Local voters say to Hispanics: 'We don't want you here'
Earlier this month, an overwhelming majority of citizens in Barry County and Lawrence County cast their votes for Donald J. Trump.
As a Christian and a long-time resident of rural Missouri, I find this fact profoundly distressing. I have experienced first-hand the kind and welcoming spirit of rural Missourians, but now we have reinforced the stereotyped image of ourselves as ignorant and hateful racists.
Donald Trump began his campaign by calling Mexicans "rapists." He advocates the construction of a wall along our southern border and the forced deportation of millions of our immigrant neighbors. In a community where roughly a quarter of our population claims Hispanic heritage, white Trump voters have sent a clear message to their neighbors -- we do not like you, and we do not want you here.

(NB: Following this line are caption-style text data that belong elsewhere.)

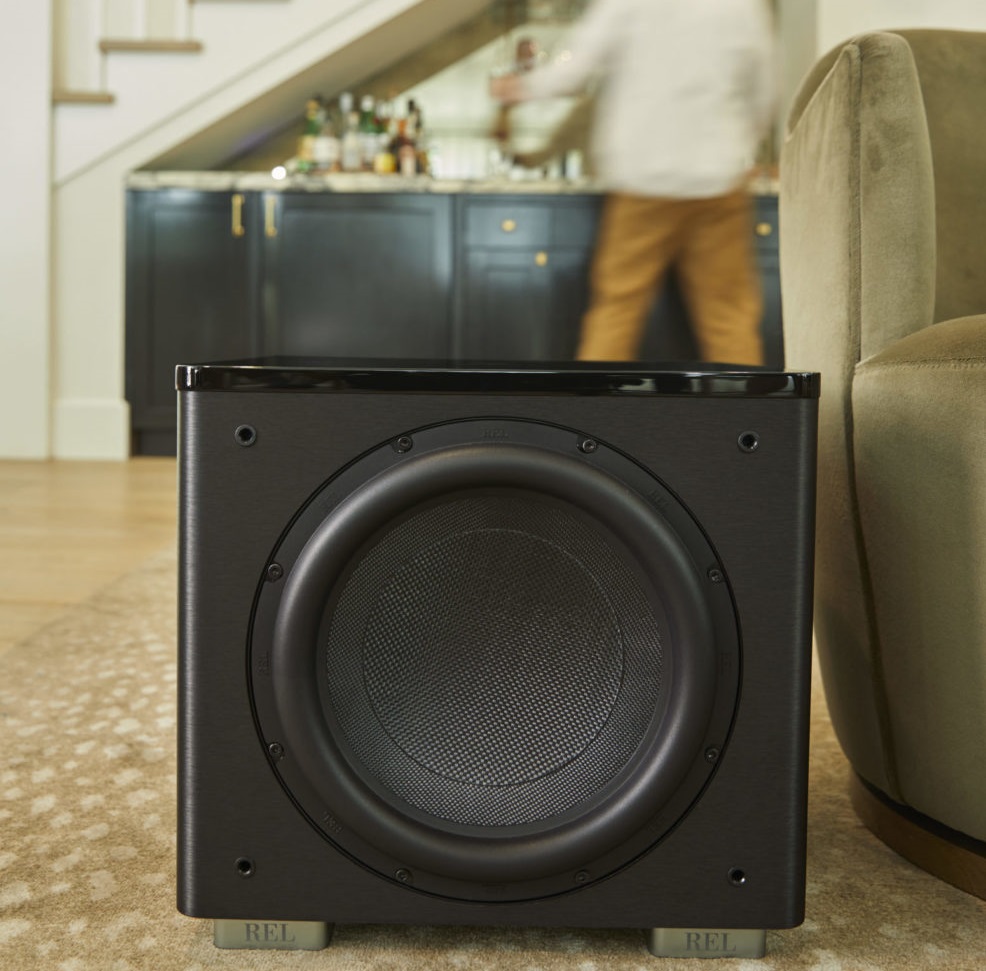 Caisson de graves REL HT1205 MKII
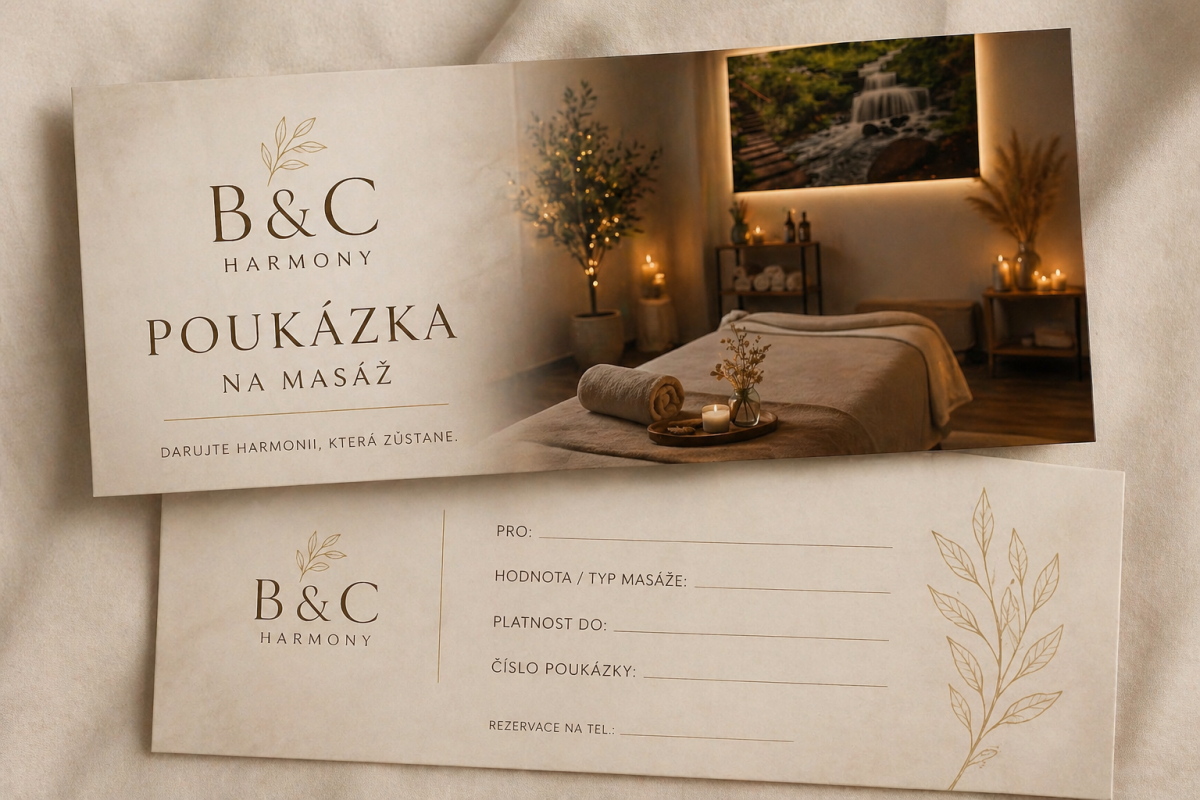 HLEDÁME MASÉRKU DO SALONU B&C HARMONY_1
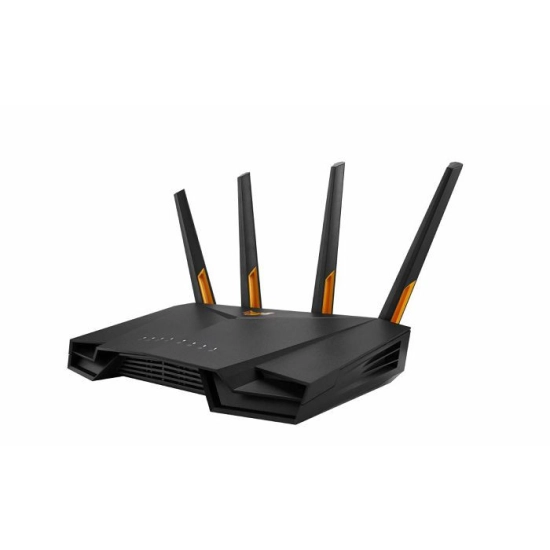 Router ASUS TUF Gaming AX3000, Dual Band WiFi 6, Mobile Game mode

Meanwhile, our comfortable white churches have, at best, remained silent about the sinful bigotry of Trump's most vocal supporters and, at worst, even defended the president-elect as champion of the pro-life cause or family values -- which begs the question: whose lives exactly are we for? Whose families do we value?
The Jesus I learned about in my rural Baptist Sunday School blessed the poor, welcomed foreigners and outsiders, respected women, and spent most of his time with "sinners" of our sort or another.
If we white Christians want to prove we're not the hateful people the other half of the country believes us to be, I suggest we begin following that example.